[Tutor] parsing--is this right?

Mon, 10 Jun 2002 15:02:37 -0700 (PDT)

On Mon, 10 Jun 2002, Paul Tremblay wrote:

> I have just stumbled across the concept of parsing and parsing
> grammars, and wondered if I am using the right tool.
>
> I haved downloaded and installed plex in order to parse a rtf
> document. The rtf looks like this:
>
> {\footnote {\i an italicized word} {\i maybe another italicized
> word} text }

Hi Paul,

Hmmm... if the structure is always described by braces, perhaps it might
be easier to do a "recursive descent" parse through the message.  Here's a
sample parser that shows how the technique works.

###
import re

class Chunk:
    """We'll break up our data into Chunk pieces."""
    def __init__(self, type, data):
        self.type, self.data = type, data
    def __str__(self):
        if type(self.data) == type([]):
            stringed_data = [str(d) for d in self.data]
            return "TYPE %s: [%s]" % (self.type, ''.join(stringed_data))
        else:
            return str(self.data)

def parse(tokens):
    assert tokens, "Why are you trying to parse nothing?"

    if tokens[0] == '{':
        tokens.pop(0)        ## Eat the leading bracket.
        type = tokens.pop(0)
        collected_chunks = []
        while tokens[0] != '}':
            collected_chunks.append(parse(tokens))
        tokens.pop(0)        ## Eat the closing bracket.
        return Chunk(type, collected_chunks)
    else:
        ## Single token
        new_chunk = Chunk('text', tokens.pop(0))
        return new_chunk

def tokenize(text):
    "A toy tokenizer just for demonstration purposes."
    def nonEmpty(thing): return len(thing) > 0
    return filter(nonEmpty, re.split(r'([{}]|\s+)', text))
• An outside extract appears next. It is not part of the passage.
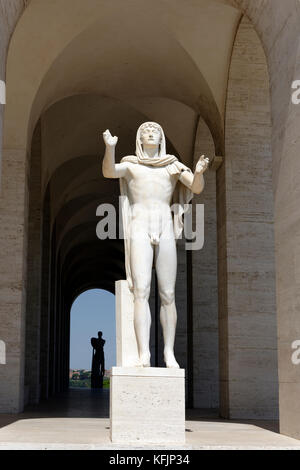 Statues classiques entourent le Palazzo della Civiltà Italiana, connu sous le nom de Colisée carré en marbre blanc (Colesseo Quadrato). EUR, Rome, Italie. Banque D'Images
if __name__ == '__main__':
    EXAMPLE_TEXT = r"""{\footnote {\i an italicized word} {\i
maybe another italicized word} text }""".replace('\n', ' ')

    print parse(tokenize(EXAMPLE_TEXT))
###

The brackets make it really easy to detect boundaries where the parser
should clump things together.  I used a pathetically silly tokenizer()
function to do some initial preprocessing of the text: Plex would probably
do a better job at it.

> In order to parse this text, I use a counter to count the number
> of open and closed curly brackets. I am following the tutorial in
> doing this.
>
> However, I am wondering if plex does things the wrong way.

Plex is a tool for breaking the text into "tokens" that are easier to look
at.  However, it's not enough.  You'll probably want to use a parsing
technique like recursive descent, or use a specialized parser-building
tool.  We can talk about it more if you'd like.

> If I understand things correctly, you should not have to count brackets.
> A parser should use the grammar to understand what state you are in.

Yes, exactly.  The grammar that the example parser above is reading might
be described as:

;;;
Chunk :=  text                 # 'A "Chunk" is made of a piece of text
       | '{' Type Chunk* '}'   # 'or a bunch of Chunks between two
                               # brackets, associated with a particular
                               # chunk type.
;;;

With a parser, there's no need to count how deeply we're nested, as
grammars allow for a recursive definition that can go arbitrarily deep.

> However, I am wondering if it lacks the power a parser should have, and
> if I should devote my time to a better tool.

I've had some experience with the SPARK parser, and it's a nice tool:

    http://pages.cpsc.ucalgary.ca/~aycock/spark/

I used it a while back when I was playing with Pythonica, and it seemed to
work very well.  The only caveat I could make was that, back then, if
there was an error in the grammar, SPARK wouldn't give good error
messages.  I'm not sure if this complaints can be made now: perhaps this
has been fixed.

Another parser that I've heard good things about is Amit Patel's YAPPS
parser:

    http://theory.stanford.edu/~amitp/Yapps/

Anyway, I hope this helps!